Comment faire de la science-fiction en 2022 ? Surtout, comment en faire lorsque les moyens dont nous disposons sont relativement limités ? Le passé nous a déjà montré que l’absence de moyens n’était pas un frein à l’ambition, ce qui prime restant l’idée de base. C’est bien ce que montre Vesper Chronicles, un film qui a certes ses limites, mais plein d’idées en tête.
Comme souvent dans les films d’anticipation, Vesper Chronicles ne dépeint pas un futur des plus réjouissants. Dépassée par ses propres expériences et sa quête de domination à l’égard de la nature, l’humanité a provoqué un effondrement massif qui l’a fait régresser de plusieurs siècles. Certes, la technologie a évolué, mais c’est dans un milieu désormais hostile que l’espèce humaine doit survivre. Groupés dans des petits villages qui ressemblent plus à des camps de fortune, les survivants subsistent, pendant que d’autres, plus aisés, se sont retranchés dans d’immenses citadelles, protégées du reste de la population faute de pouvoir subvenir aux besoins de tous. C’est dans ce monde que grandit Vesper, une jeune fille qui a appris à maîtriser certains aspects de la nature qui l’entoure, et qui veut s’échapper de ce milieu, notamment pour son père, alité, qui l’accompagne et communique avec elle par l’intermédiaire d’un petit drone.
La première chose qui frappe dans Vesper Chronicles, c’est l’absence d’adultes, ou, en tout cas, leur relative minorité par rapport aux enfants. D’un côté, nous avons le père qui est physiquement anéanti, et de l’autre l’oncle qui garde des enfants à sa solde, s’en servant comme soldats, voire pire. Le constat semble donc limpide : le passé et les prédécesseurs ont échoué, léguant à ces enfants un monde désolé et perverti, l’espoir appartenant à ces derniers, qui ont la responsabilité de tenter de sortir ce monde de sa torpeur. Le monde décrit par Vesper Chronicles est très paradoxal, apparaissant désolé et dévasté, tout en débordant de vie, de créatures et de végétaux étranges, avec des visuels et un sound design très organiques.
En effet, le futur tel que nous l’imaginons est souvent mécanique, robotique, à l’image des Metropolis, Blade Runner ou encore Terminator, pour ne citer qu’eux, où la machine se mêle à l’humain pour finir par le supplanter. Ici, l’homme a déréglé la nature et c’est ce qui a, finalement, provoqué la revanche de cette dernière sur l’espèce humaine. C’est l’un des aspects les plus intéressants de Vesper Chronicles, qui fait des sauvages forêts lituaniennes le théâtre de cet avenir génétiquement modifié. Un film qui n’hésite pas non plus à être violent visuellement et psychologiquement, la présence d’enfants dans dans rôles-clé ne devant pas tromper le spectateur. Violence physique, viol, pédophilie, le film ne nous épargne pas pour dépeindre ce monde dépourvu de pitié, où les instincts les plus primaires et nocifs s’expriment sans entrave.

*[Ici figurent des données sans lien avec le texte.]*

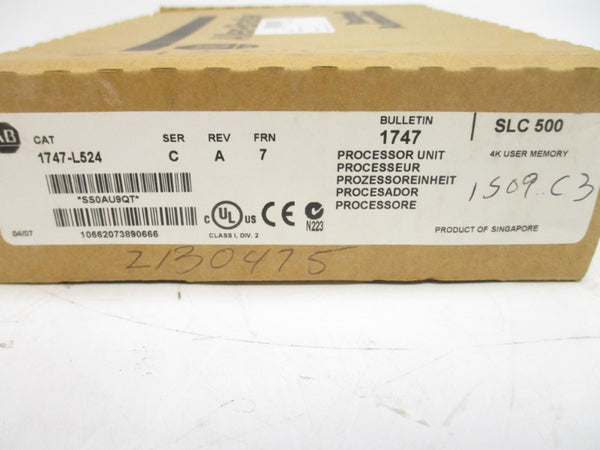 ALLEN BRADLEY 1747-L524 SER. C F/W 7 DATE: 2007 NSFS
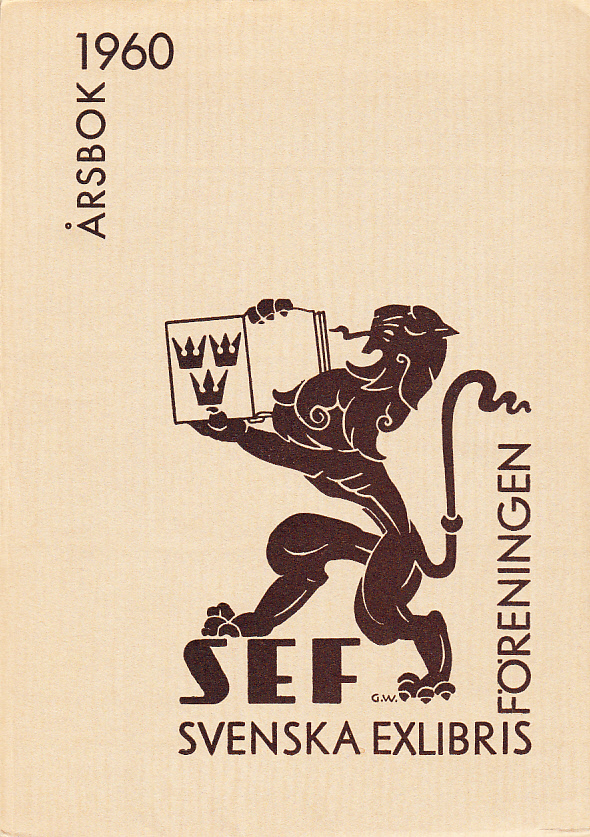 Svenska Exlibrisföreningens Årsbok 1960 under redaktion av Brita Stina Nordin-Pettersson.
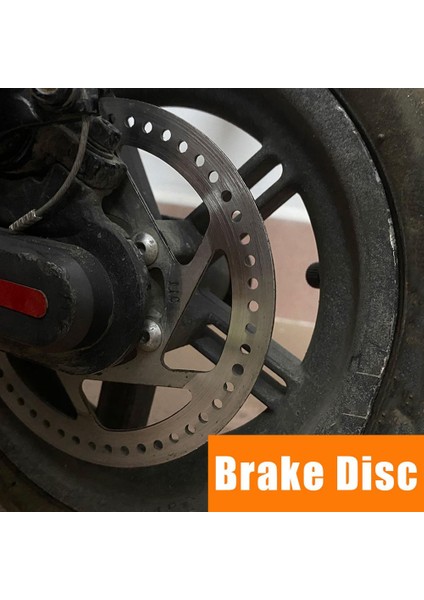 110 mm Tarzı Xiaomi Mijia Elektrikli Scooter M365 Için Fit Disk Fren D Delikli Delikli Tekerlek Arka Diskli Fren D (Yurt Dışından) fırsatları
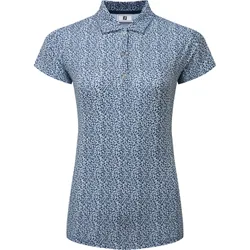 FootJoy Polo Animal Print, blau s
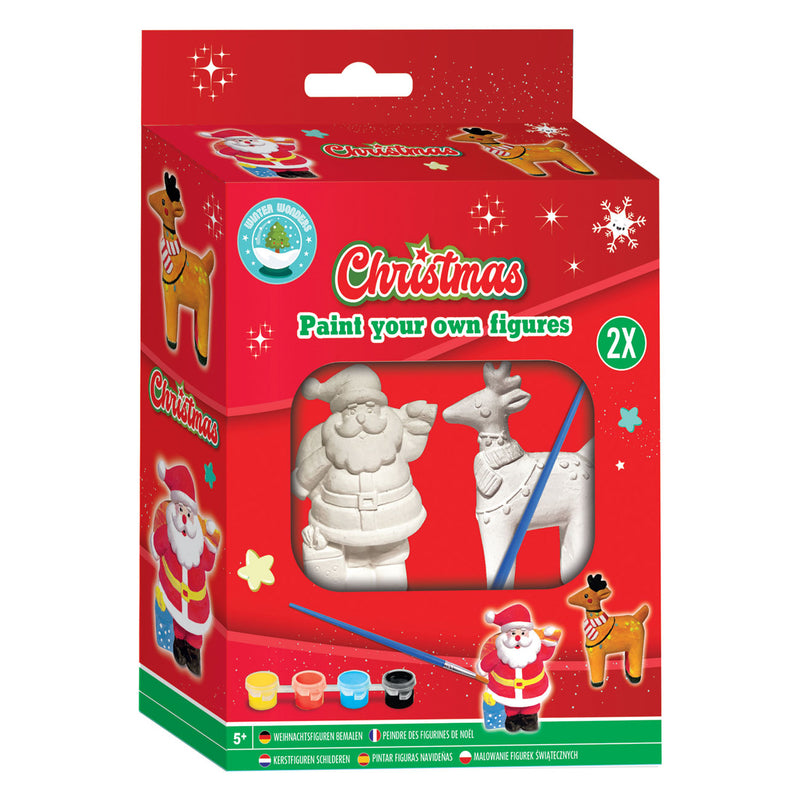 Load image into Gallery viewer, Grafix schilder je eigen kerstfiguren, set van 2 stuks
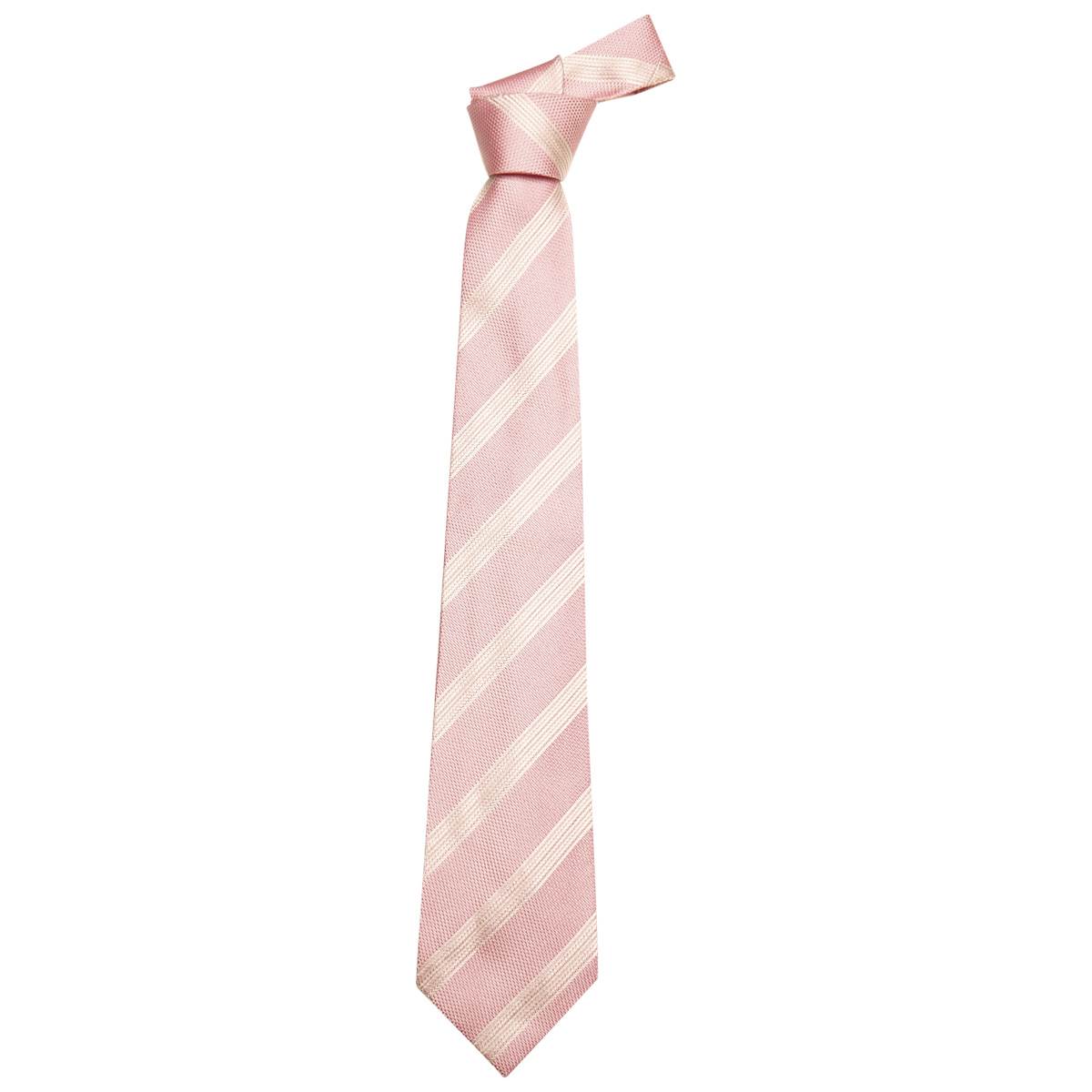 Kiton KITON Pink White Silk Tie Pink/White 000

C’est peut-être là que Vesper Chronicles commence à montrer ses limites, se voulant exhaustif, dans sa volonté de donner vie à cet univers, d’alerter, de décrire un futur crédible et désenchanté, multipliant les intentions sans éviter complètement le piège de l’inventaire. Car, en compensation, l’histoire s’avèrera plus classique, diluée dans cette longue exposition, finissant par patiner par moments et par nous prendre de court au moment où le générique se lance. Dans son imperfection, Vesper Chronicles ne manque pas de proposer quelques éléments de grâce et à tirer son épingle du jeu, offrant un point de vue original et intéressant, une belle proposition, imparfaite certes, mais ambitieuse et tangible.